Quando la richiesta al trattamento chirurgico è finalizzata
a raggiungere un proprio equilibrio psico-fisico è giustficato.
Molte sono le soluzioni proposte per ottenere un ingrossamento
del pene sia come materiali utilizzati che come tecniche chirurgiche
ma i migliori risultati, in termini estetici e soprattutto praticamente
privi di effetti collaterali, si ottengono con la liporistrutturazione.
È una tecnica che consente di aumentare il volume
del proprio pene usando come filler (riempitivo) il proprio
grasso (autotrapianto).
La tecnica eseguita consiste in alcune fasi:
1. Il prelievo del grasso viene effettuato
in anestesia locale con una ago-cannula sottile dotata di una
punta disegnata appositamente per non danneggiare il grasso.
La microcannula è collegata a una siringa che viene maneggiata
dall'operatore in modo da dosare la pressione negativa di aspirazione
per ottenere un grasso ancora vitale e ideale per il trapianto.

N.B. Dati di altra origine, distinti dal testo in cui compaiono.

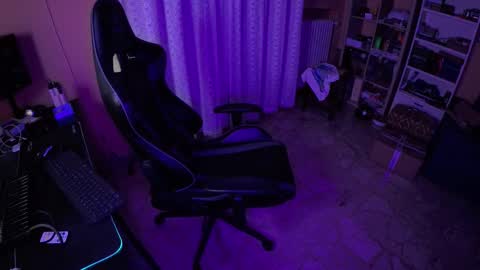 Snapshot of fernan_reds chatting on 11-18-25, 06:01 Fernan online show from 11-18-25, 06:01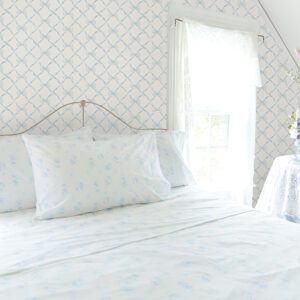 0087786 dreamy sky baby bow peel and stick wallpaper.jpeg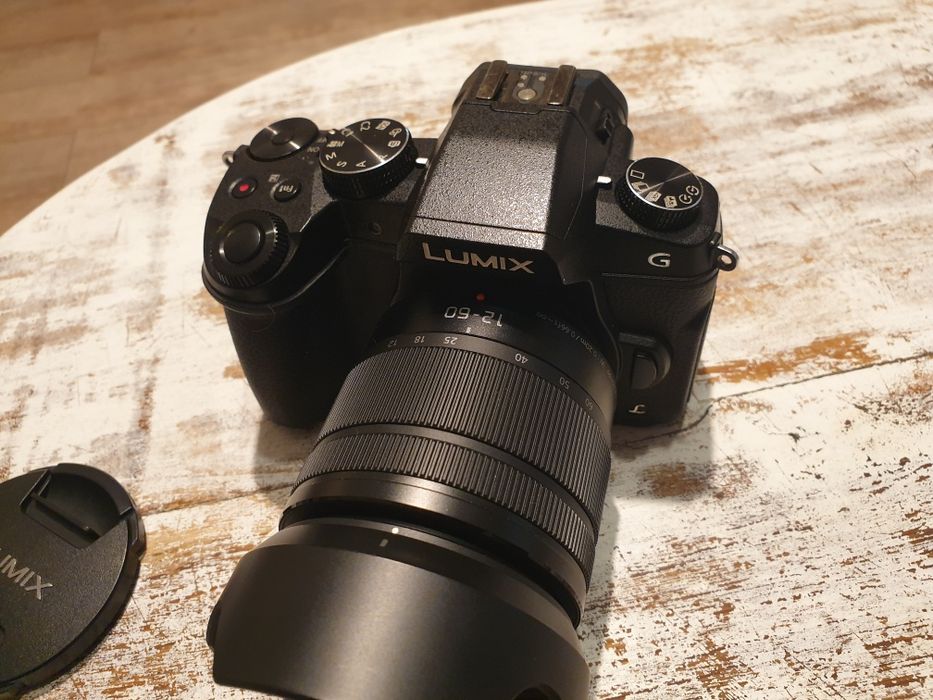 Panasonic 12-60 aproape ca nou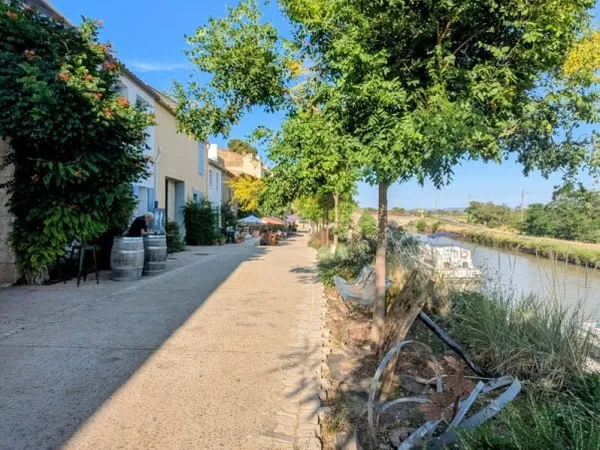 À vendre à Paraza Maison rénovée avec annexes et potentiel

2. Dopo il prelievo, il grasso viene trattato
con varie metodiche che consentono l’allontanamento della
componente sanguigna e delle atre impurità presenti nel
prelievo (lavaggi multipli-centrifugazione).

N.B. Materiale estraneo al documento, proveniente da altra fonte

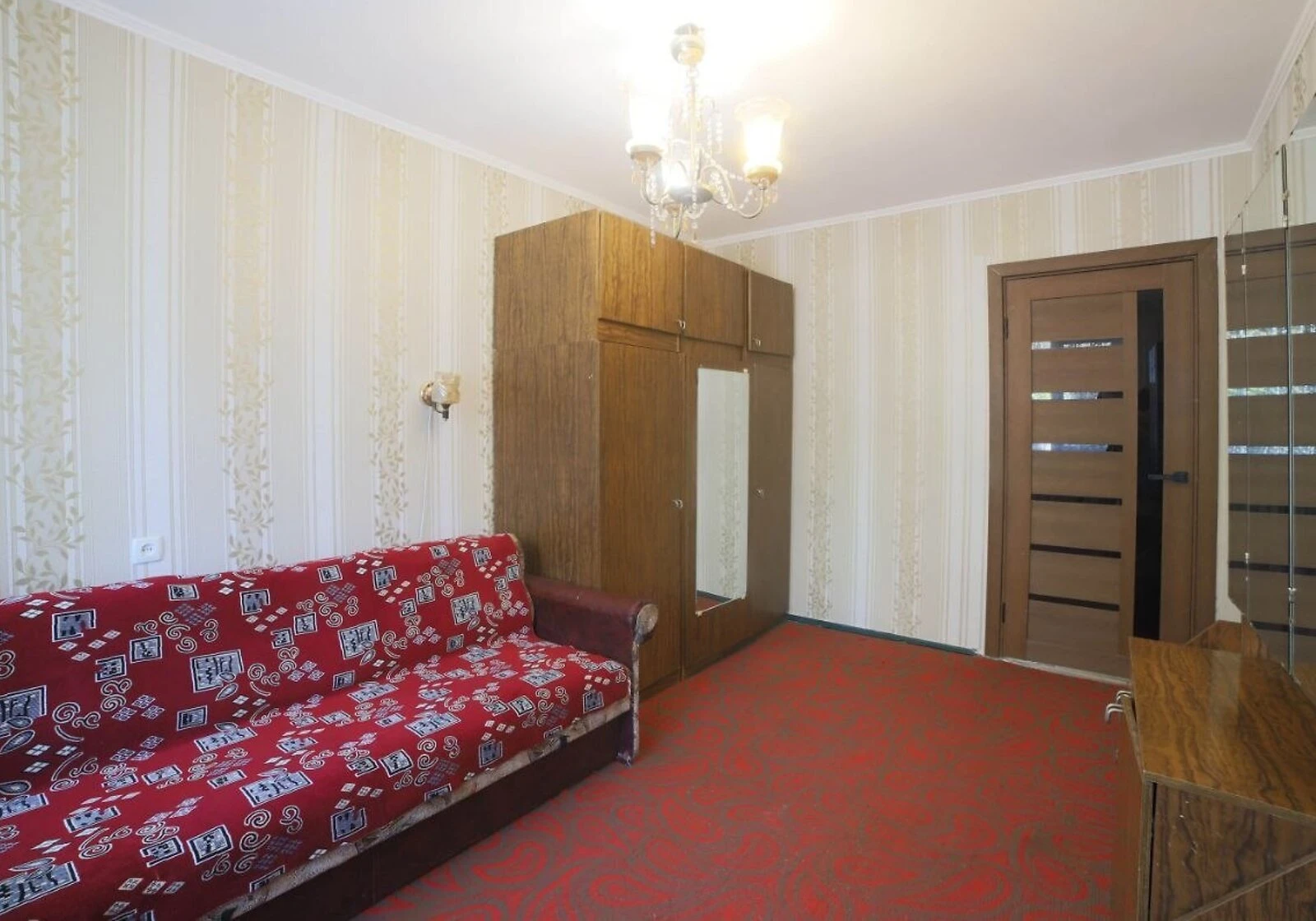 2-кімнатна квартира, Заводський: косметичний ремонт, укриття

3. Viene effettuata l'iniezione con siringhe
molto piccole
(da 1 ml) collegate a un cannula sottilissima (1 mm) che consente
di controllare meglio le piccole quantità di grasso che
vengono depositate nella zona ricevente.

4. Il grasso viene depositato a tutti
i livelli in piccoli tunnel in modo da creare un aumento strutturale
della zona da aumentare e favorire il massimo attecchimento.

“FUNZIONA"?
Il problema maggiore nel trapianto di grasso (che è molto
delicato) è la sua sopravvivenza ma con questa tecnica
il grasso essendo manipolato con molta attenzione e depositato
in singole particelle nel tessuto ricevente garantisce un'ottima
nutrizione delle particelle di grasso trapiantate. Ciò
è fondamentale per permettere al grasso di sopravvivere
nei primi giorni prima che si formino nuovi vasi sanguigni che
lo alimenteranno in modo permanente
Nel pene si ha un buon attecchimento e i risultati sono ottimi
e duraturi. Il grasso viene iniettato al di sotto della fascia
superficiale per ottenere un aumento del diametro penieno.